In reply to justincarlson, Sep 3, 2013

justincarlson wrote:

So how exactly would I run this test? Should it be done outdoors where lighting is better? If I printed off some targets and taped them to my garage door would that work for testing the lens with the bracketing app? How do I know if the lens performs well vs. poorly with this particular test?

You don't need any application IMHO to test your lens. What you need though is to proceed systematically.

First you probably want to check if your lens is optically correct.

You need some flat target with a pattern that will allow you to judge resolution and will fill the frame at at least 20x of the focal length. (32 -50cm suggested for 16mm up to 1-2m for 50mm). Any 100% static target that please your eye can do. (Newspapers taped to garage doors i.e.) Be sure not to test the lens on some moving targets - such as trees or water.

Try to place your target under even light, such as shade or overcast.

Put your lens on the sturdy tripod in self timer (if not in hurry 10s is better than 2s) mode or use remote shutter.

Switch off the OSS.

Switch to Manual Focus.

Software corrections makes this tests hardly relevant, but without'em it will be even harder for You to judge corners. So at least set the sharpness in JPEG to zero.

Use large magňification to acquire proper focus. If not sure, try to adjust it for more than 1 capture and select the sharpest image later. You might use peaking, but don't relay only on it.

Take several shots at several FL and apertures and check them carefully in the computer.
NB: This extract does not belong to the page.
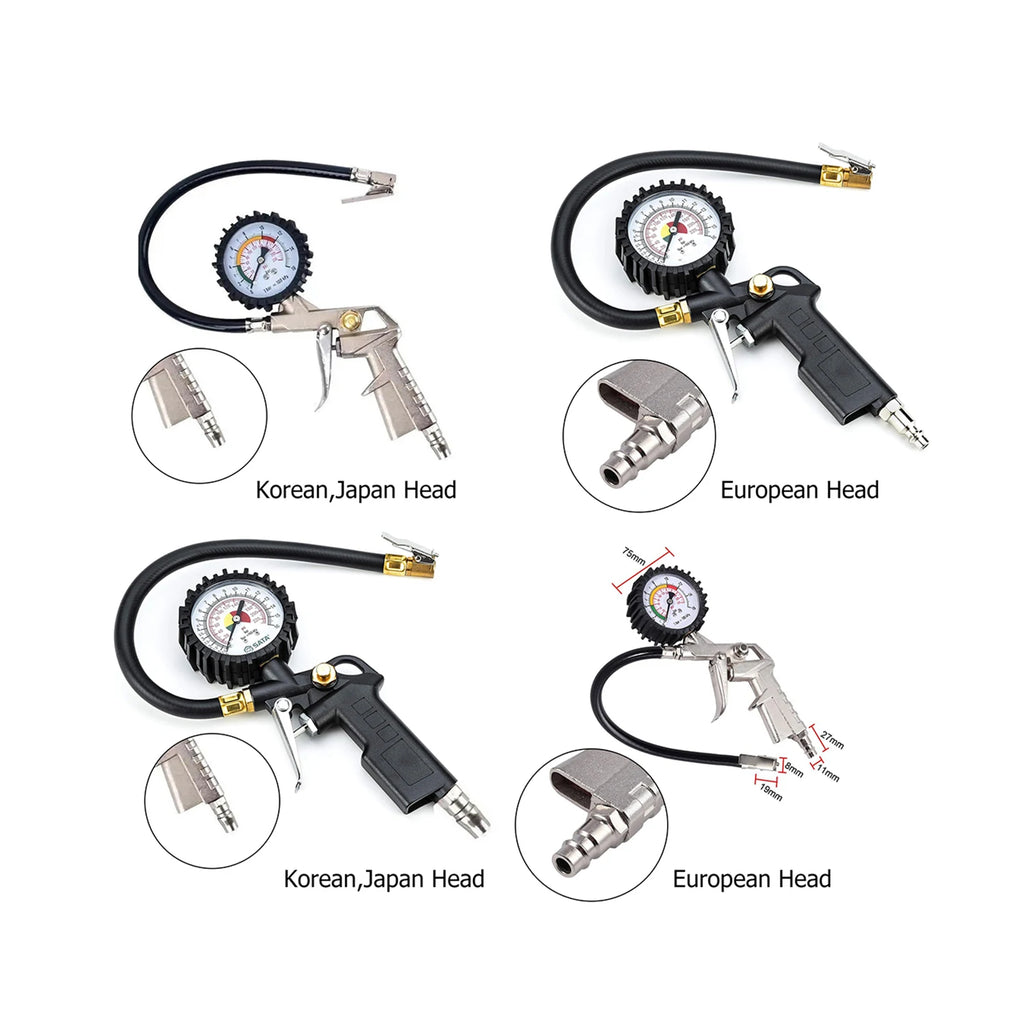Tyre Pumping Gun Digital Pressure Gauge – Car TPMS Air Gauge Meter Manometer Monitor Tester for Tyres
After this test, you should made a valuable conclusion about overall resolution behavior of your lens.

From there, you can proceed further depending on the results...

If you find one side softer than other (ot one corner) your lens might be decentered (or you didn't align your target well, or your sensor isn't properly alligned). If you have tripod with reversable middle column, reverse it and take another shot of your target with the camera upside-down. If not, turn it in portrait mode and take another shot of the target. In the computer check if the soft part moved with the image or not. Make the conclusion based on that.

If you got good resolution results with the above tests, you might have a problem with AF. Here you can use the bracketing application, but you can also simply switch between MF and AF and compare results. Be sure to make large enough contrast area for AF.

If you find your MF images to be sharper than AF ones, you should take your camera and lens to the service claiming AF problems.